The task:
Your response to the data below should hold nothing except the lines from the one containing "Чохол Sunset Champion для Motorola Moto G24" down to the one containing "Фото №0 Металлоискатель", reproduced exactly and without pictures.

[Short descriptive text snippets]
==============================
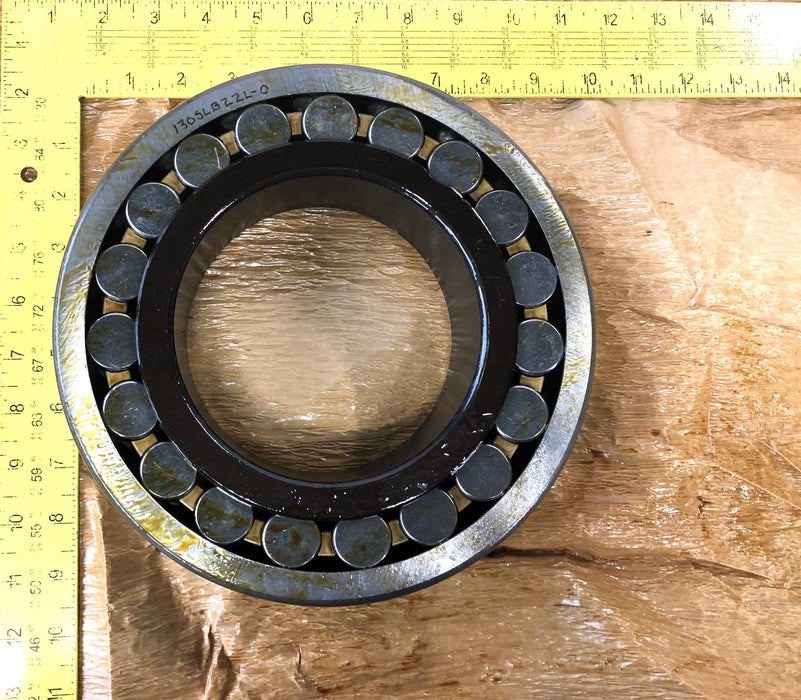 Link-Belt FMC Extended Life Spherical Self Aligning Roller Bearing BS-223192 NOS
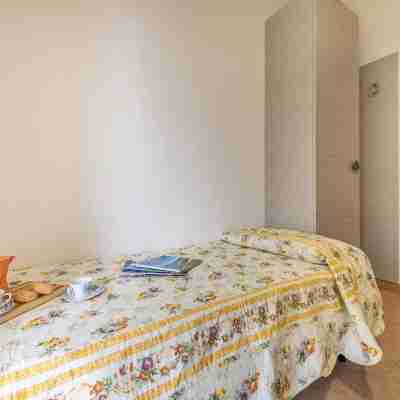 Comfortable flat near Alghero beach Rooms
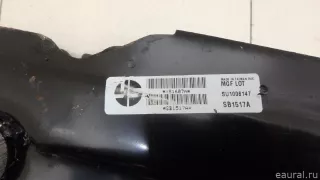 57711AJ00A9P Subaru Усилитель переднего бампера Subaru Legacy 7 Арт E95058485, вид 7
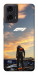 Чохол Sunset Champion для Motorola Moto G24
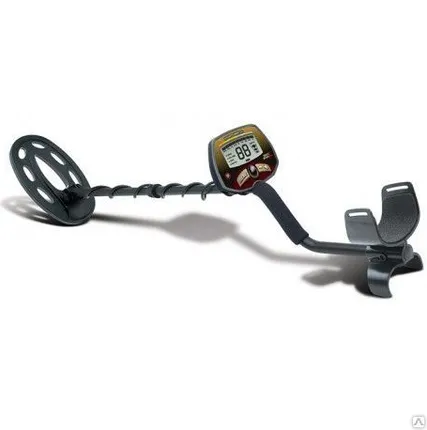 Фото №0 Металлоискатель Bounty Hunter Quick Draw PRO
==============================
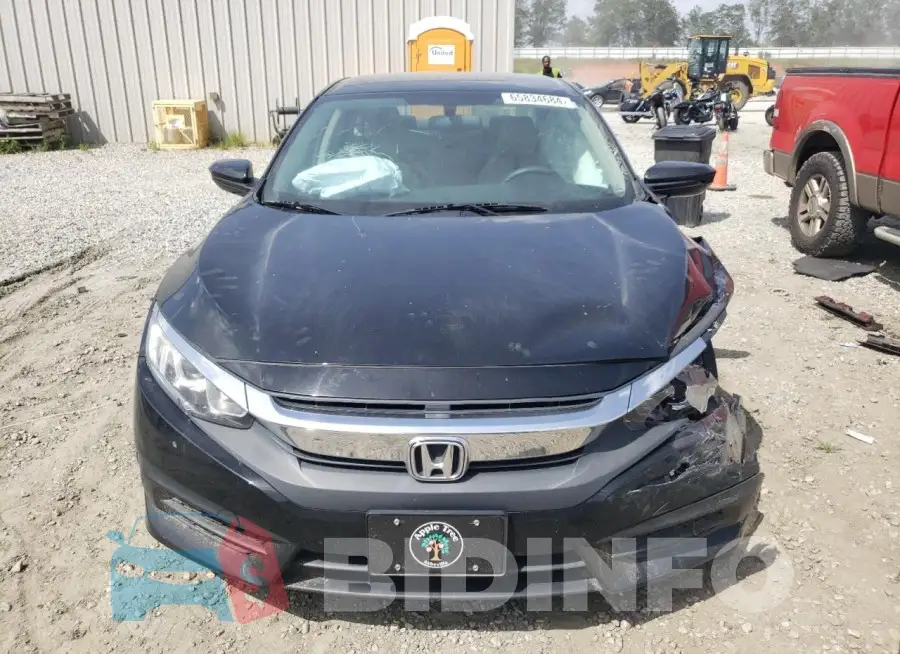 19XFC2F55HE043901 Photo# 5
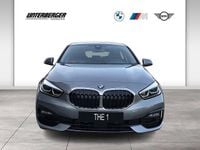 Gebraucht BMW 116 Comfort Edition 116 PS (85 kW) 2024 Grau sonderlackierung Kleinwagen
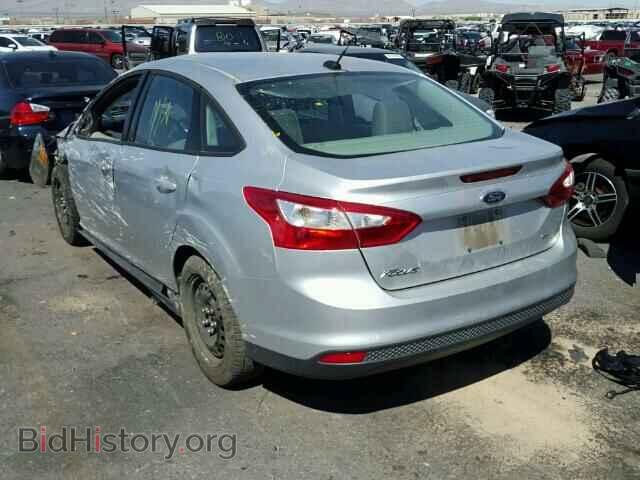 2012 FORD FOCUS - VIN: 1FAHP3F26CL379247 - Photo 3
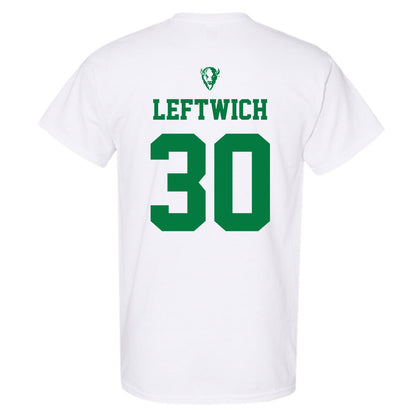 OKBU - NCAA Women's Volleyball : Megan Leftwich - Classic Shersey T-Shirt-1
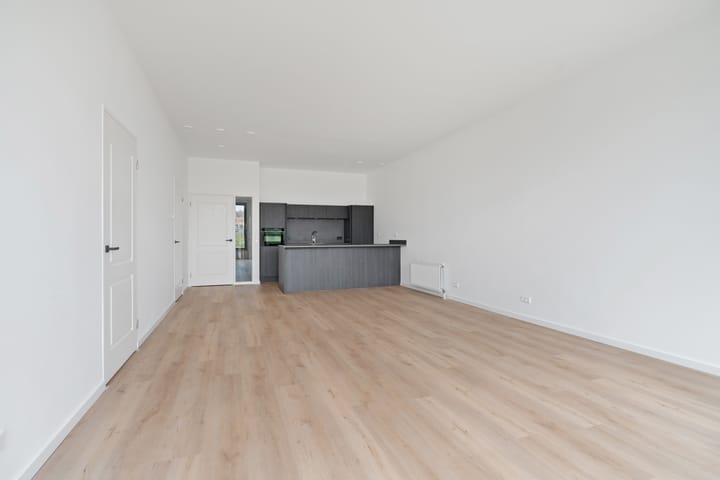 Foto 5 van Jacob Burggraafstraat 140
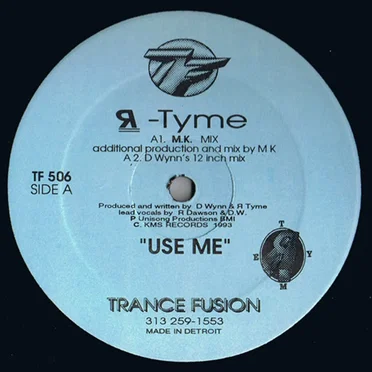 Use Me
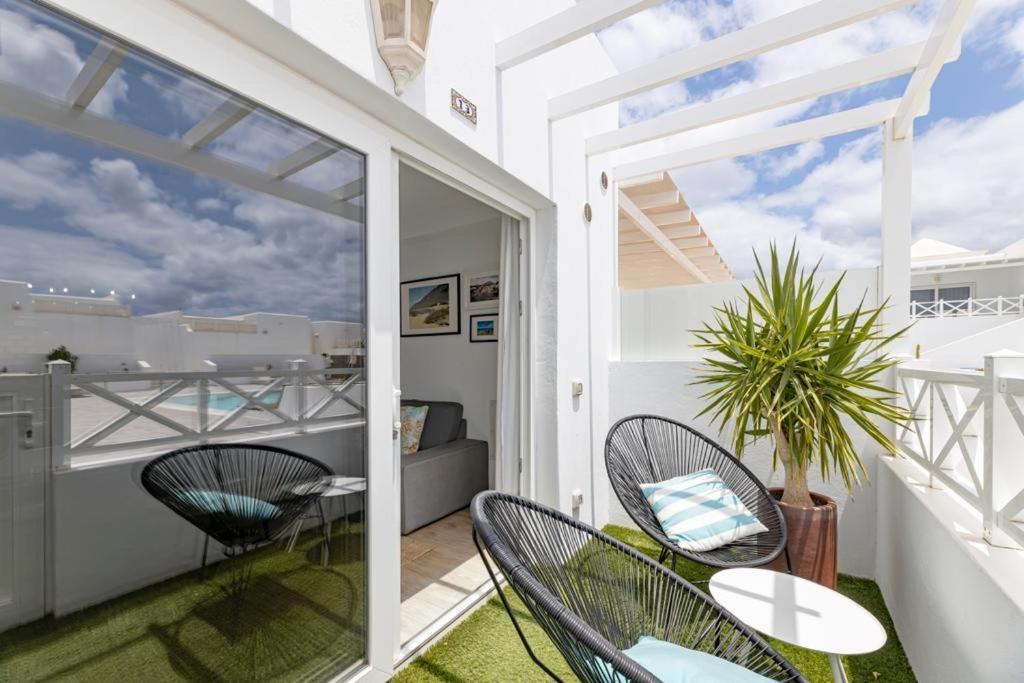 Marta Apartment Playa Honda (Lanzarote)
==============================
Task output:
 Чохол Sunset Champion для Motorola Moto G24
 Фото №0 Металлоискатель Bounty Hunter Quick Draw PRO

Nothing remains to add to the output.